Seems like we have problems with both dictionary encoding and snappy compression.

        org.apache.parquet.hadoop.DirectCodecFactory$FullDirectDecompressor(DirectCodecFactory.java:233)
        com.dremio.parquet.pages.BaseReaderIterator(BaseReaderIterator.java:152)
        com.dremio.parquet.pages.BaseReaderIterator(BaseReaderIterator.java:78)
        com.dremio.parquet.pages.IncrementalPageReaderIterator(IncrementalPageReaderIterator.java:162)
        com.dremio.parquet.pages.IncrementalPageReaderIterator(IncrementalPageReaderIterator.java:148)
        com.dremio.parquet.pages.MemoizingPageIterator(MemoizingPageIterator.java:49)
        com.dremio.parquet.pages.PageIterator(PageIterator.java:90)
        com.dremio.parquet.reader.column.generics.Float4SimpleReader(Float4SimpleReader.java:59)
        com.dremio.parquet.reader.column.ColumnReaderFactory(ColumnReaderFactory.java:745)
        com.dremio.parquet.reader.column.ColumnReaderFactory(ColumnReaderFactory.java:804)
        com.dremio.parquet.reader.SimpleReader(SimpleReader.java:52)
        com.dremio.extra.exec.store.dfs.parquet.ParquetVectorizedReader(ParquetVectorizedReader.java:190)
        com.dremio.exec.store.parquet.UnifiedParquetReader(UnifiedParquetReader.java:145)
        com.dremio.sabot.op.scan.ScanOperator$1(ScanOperator.java:225)
        com.dremio.sabot.op.scan.ScanOperator$1(ScanOperator.java:221)
        ...(:0)
        org.apache.hadoop.security.UserGroupInformation(UserGroupInformation.java:1836)
        com.dremio.sabot.op.scan.ScanOperator(ScanOperator.java:221)
        com.dremio.sabot.op.scan.ScanOperator(ScanOperator.java:194)
        com.dremio.sabot.op.scan.ScanOperator(ScanOperator.java:180)
        com.dremio.sabot.driver.SmartOp$SmartProducer(SmartOp.java:563)
        com.dremio.sabot.driver.Pipe$SetupVisitor(Pipe.java:79)
        com.dremio.sabot.driver.Pipe$SetupVisitor(Pipe.java:63)
        com.dremio.sabot.driver.SmartOp$SmartProducer(SmartOp.java:533)
        com.dremio.sabot.driver.StraightPipe(StraightPipe.java:102)
        com.dremio.sabot.driver.StraightPipe(StraightPipe.java:102)
        com.dremio.sabot.driver.StraightPipe(StraightPipe.java:102)
        com.dremio.sabot.driver.StraightPipe(StraightPipe.java:102)
        com.dremio.sabot.driver.StraightPipe(StraightPipe.java:102)
        com.dremio.sabot.driver.Pipeline(Pipeline.java:68)
        com.dremio.sabot.exec.fragment.FragmentExecutor(FragmentExecutor.java:381)
        com.dremio.sabot.exec.fragment.FragmentExecutor(FragmentExecutor.java:265)
        com.dremio.sabot.exec.fragment.FragmentExecutor(FragmentExecutor.java:92)
        com.dremio.sabot.exec.fragment.FragmentExecutor$AsyncTaskImpl(FragmentExecutor.java:671)
        com.dremio.sabot.task.AsyncTaskWrapper(AsyncTaskWrapper.java:104)
        com.dremio.sabot.task.slicing.SlicingThread(SlicingThread.java:226)
        com.dremio.sabot.task.slicing.SlicingThread(SlicingThread.java:156)

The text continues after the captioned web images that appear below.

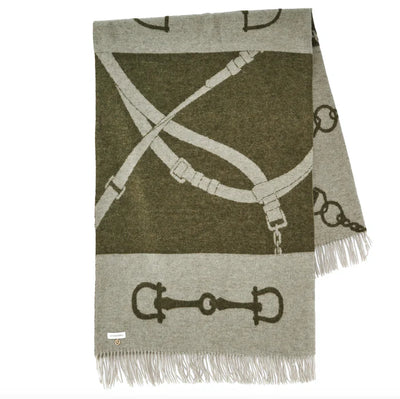 CLASSIC WOOL CASHMERE THROW OLIVE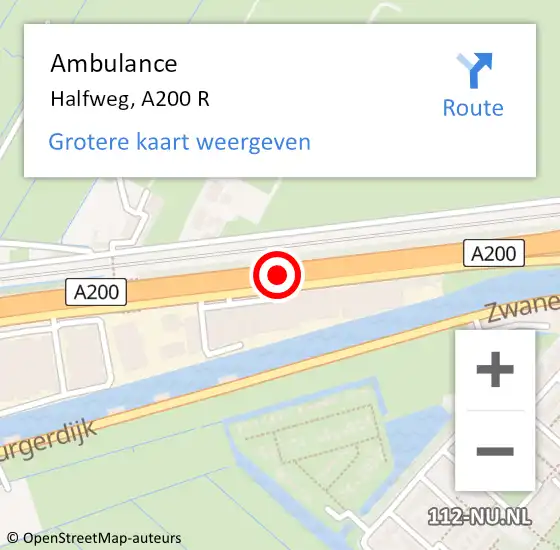 Locatie op kaart van de 112 melding: Ambulance Halfweg, A200 L op 24 december 2016 13:08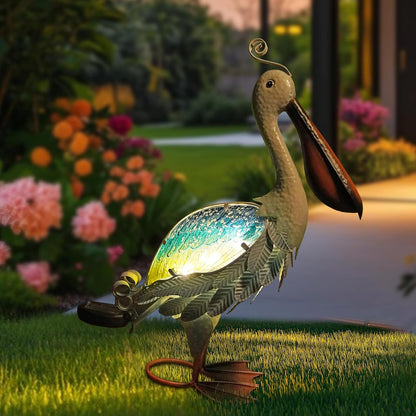 HONGLAND Solar Metal Pelican Statues Garden Sculpture & Statues, 19 Inch Glass Outdoor Pelican Yard Art Coastal Ocean Bird Decor Lawn Ornament for Backyard Porch Patio Decor（Blue-Green）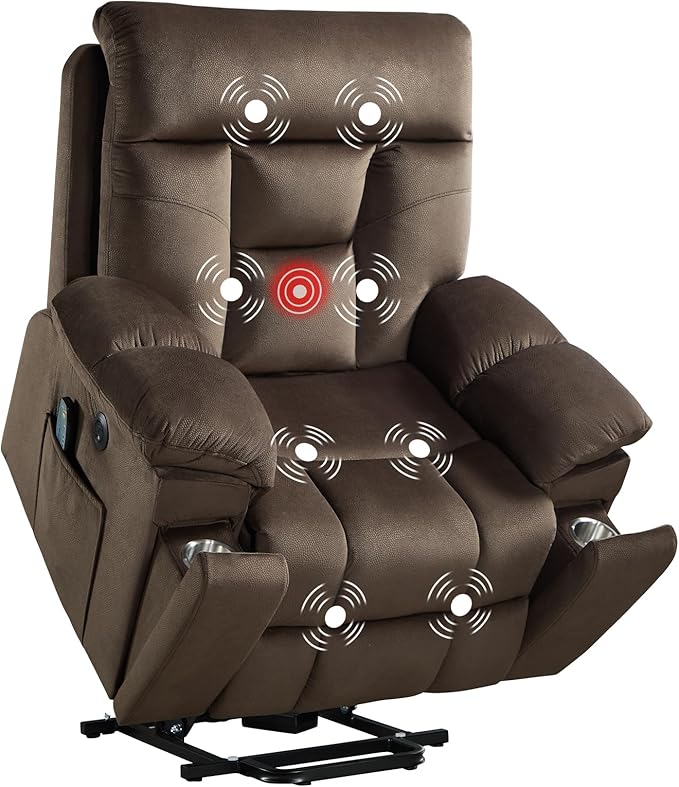 CANMOV Large Power Lift Recliner Chair with Massage and Heat for Elderly Big and Tall People Overstuffed Wide Recliners with 2 Cup Holders Side Pocket and USB Port Dark Brown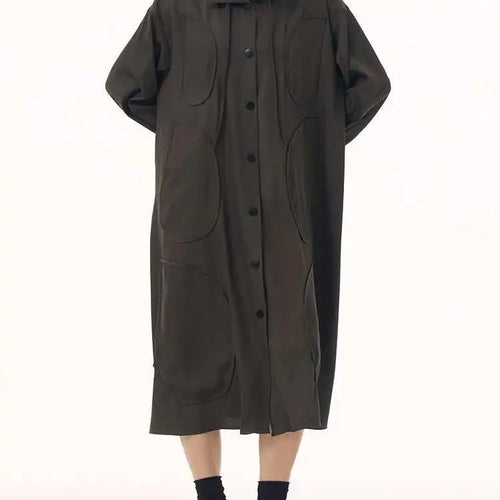 Load image into Gallery viewer, Women Army Green Patch Drawstring Big Size Midi Dress New Stand Collar Long Sleeve Fashion Tide Spring Autumn 2025 1DH9211
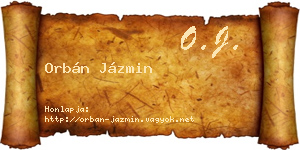 Orbán Jázmin névjegykártya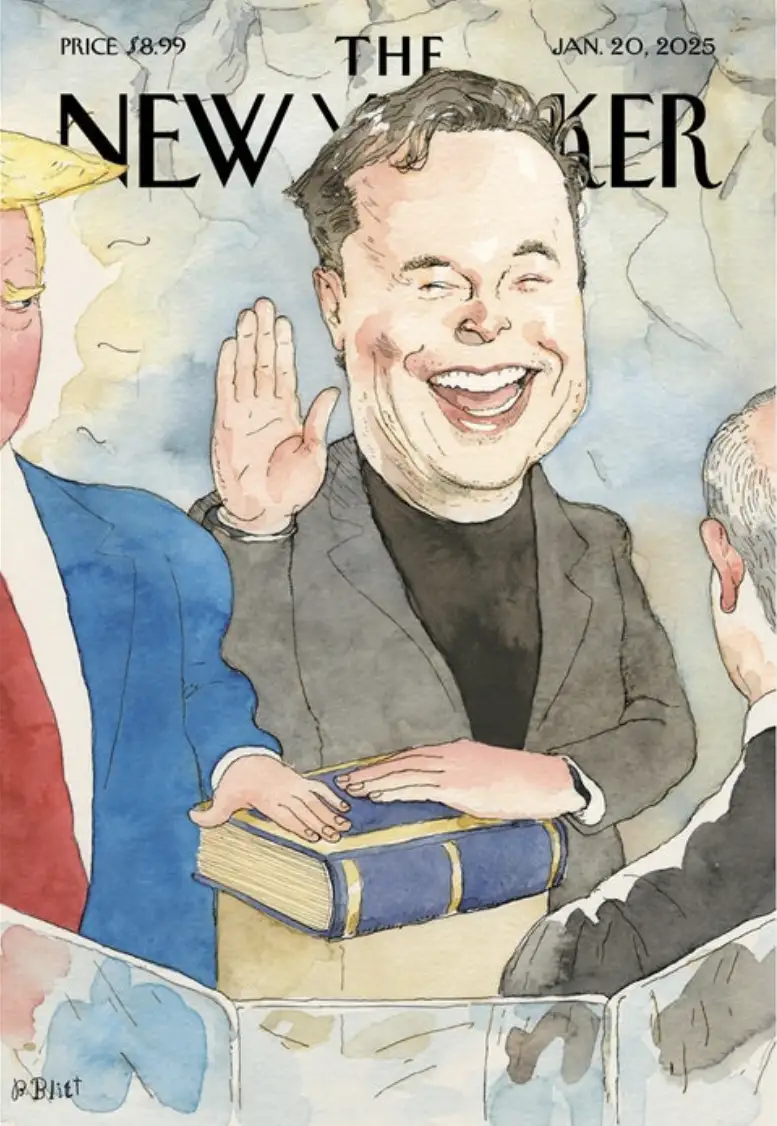 A watercolor-style political cartoon depicts a caricature of Elon Musk smiling broadly while raising his right hand in an…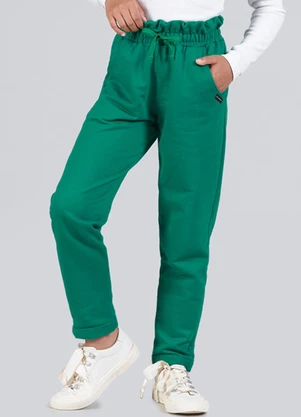 Soft Bonni - Calça Infantil Menina Moletinho Clochard Verde - SOFT BONNI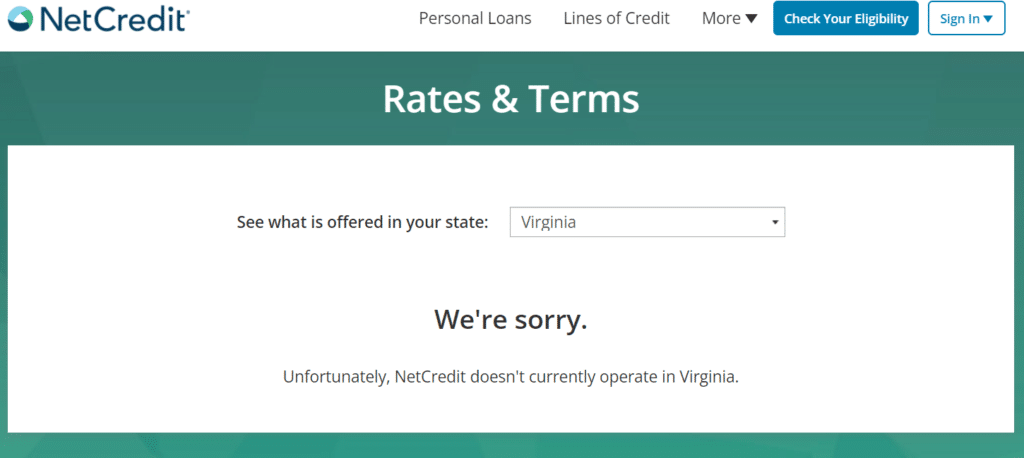NetCredit Virginia payday loan rates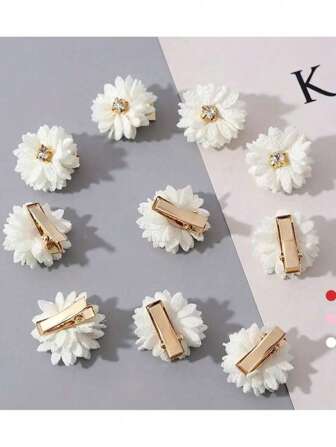 10pcs Fabric Flower Hair Clips Set, Chinese Style Bridal Headpiece, Solid Color Flower Hair Accessories With Rhinestone Center, Suitable For Women, Suitable For Party, Gathering, Daily Wear, Valentine's Day - White, Red, Pink, Beige, Light Pink, Green, Navy Blue, Vacation Outfits Woman, Cute Accessories, Christmas Outfit For Women, New Year Glamour
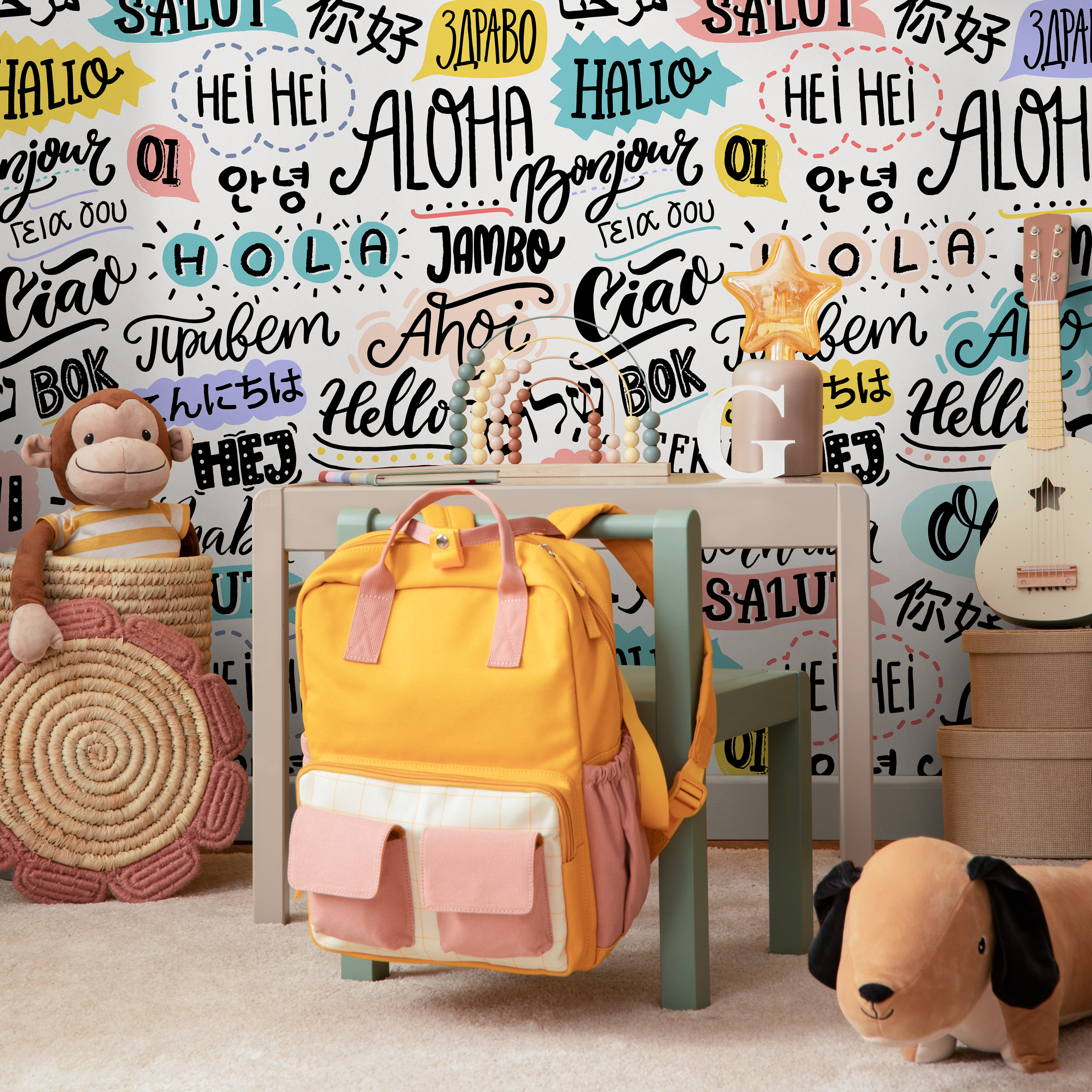 Typography Wallpaper With Global Greetings In Black, Teal, And Yellow - B546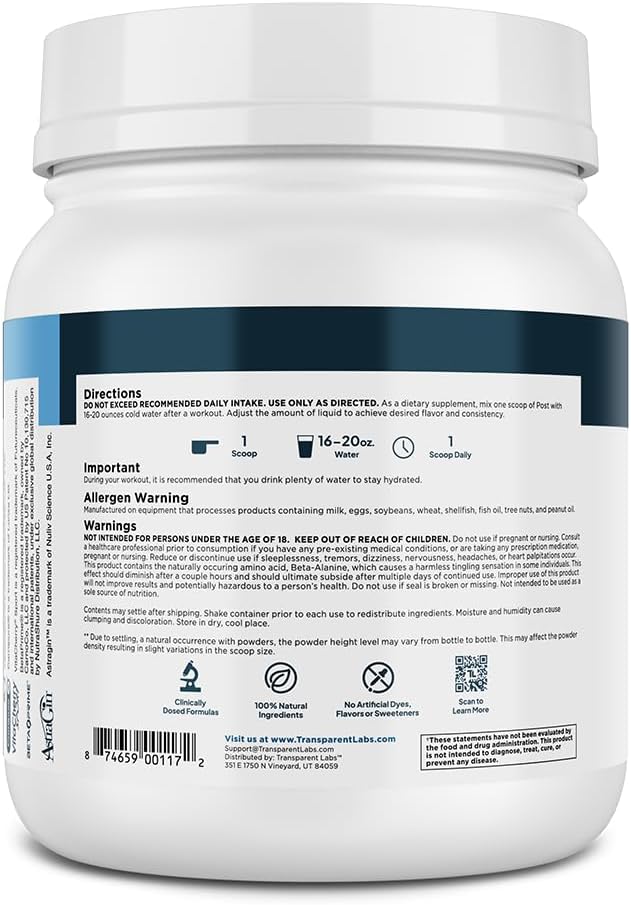 Transparent Labs Post - Post-Workout Recovery Muscle Builder w/L-Glutamine, Creatine Monohydrate, & Carnipure L-Carnitine L-Tartrate for Muscle Recovery & Building - 30 Servings, Orange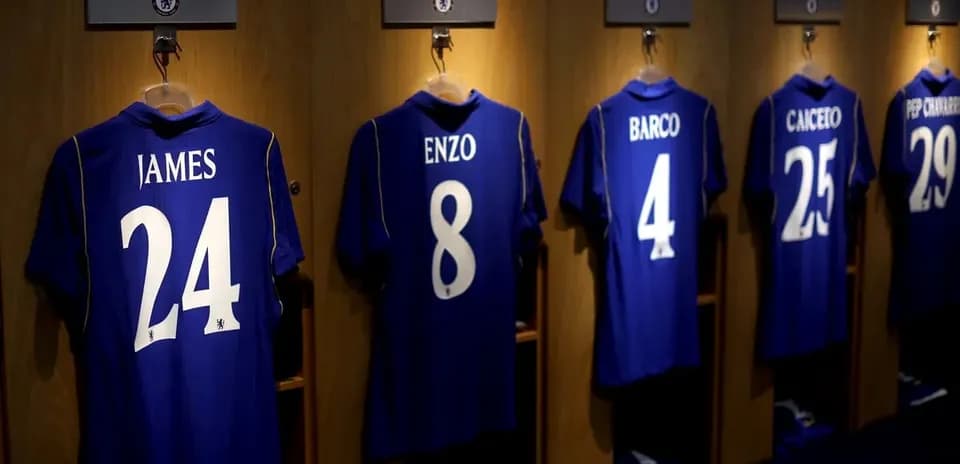 Chelsea jerseys hanging in player locker room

@david.lee, can you share any of these files?

Hello,

I just want to piggyback onto this thread and say that we are experiencing the same issues. Did not experience this in 3.2.3, but after upgrading to 3.3.2, Dremio stopped being able to read half of our parquet files while others are seemingly unaffected. Seeing a lot of both “Failure in setting up reader Parquet Metadata” and “ParquetCompressionCodecException” errors.